Medical cost analysis results for relative adjustment...Low margins for drug administration and dispensing

The committee discussed the 2023 medical cost analysis results calculated by the Medical Cost Analysis Committee. 

These results will serve as the foundation for the 2026 regular RVU adjustments.​ The '2023 Fiscal Year Cost Analysis Report', which for the first time includes cost-to-revenue ratios by healthcare institution type and specific fee items, is scheduled for publication in the first quarter of next year.

The analysis was expanded to include tertiary hospitals and clinics in addition to general hospitals. The report calculated the cost-to-revenue of reimbursements following the establishment of standardized medical cost calculation guidelines.

Key findings regarding the cost-to-revenue ratio for covered services (based on tertiary hospitals) showed that clinical laboratory fees (192%), special radiologic imaging fees (169%), and radiation therapy fees (274%) had relatively high profit margins compared to costs.

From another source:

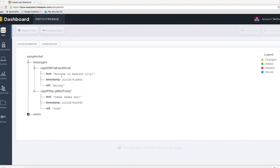The dashboard is pretty powerful when you want to look at your data, although it's hard to tell when you don't have too many entries. Here's a look at it right now.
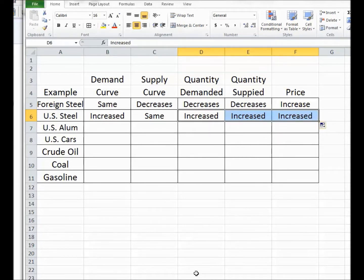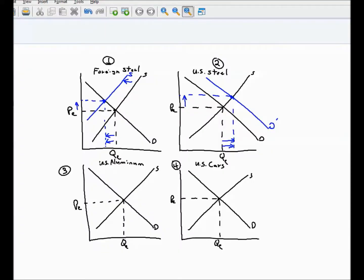Notice the price of steel has gone up — both U.S. made and foreign made — and that will be important later. The third question is what happens in the market for U.S. made aluminum. Sometimes students argue that nothing happens to aluminum because they can't see how steel and aluminum are related. But aluminum and steel are substitutes for each other — not in every use, but in many. So if steel becomes more expensive, people would be eager to substitute aluminum instead. The demand curve for aluminum would increase, the supply curve would stay the same, and at the new equilibrium the quantity demanded and supplied would both increase and the price of aluminum would increase.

Conversely, drug administration and dispensing fees (11%), basic physical therapy (33%), and basic consultation fees (63%) generated significantly lower revenue than costs.

'Innovative Pilot Project for Community-based Primary Care' to launch in July

The pilot project will launch next year, initially targeting patients aged 50 and older who require integrated management, with plans for gradual expansion.

Under this project, registered patients can receive personalized preventive care, disease and medication management, and lifestyle coaching at their designated clinics, linked to their health check-up results. When necessary, patients can be referred to appropriate medical institutions or receive home-based primary care.

Clinics that complete the required training are eligible to participate. Institutions capable of providing multi-professional, multidisciplinary team support can join as hub institutions.

The government will introduce the 'Primary Care Functional Enhancement Integrated Fee', which compensates for 'patient registration and continuous management efforts' rather than traditional fee-for-service. The MOHW also plans to pilot multidisciplinary team-based service support and performance-based rewards.

The pilot program is scheduled to run for three years, from July 2025 to 2028, with plans to expand its scope to additional regions and institutions starting in 2029.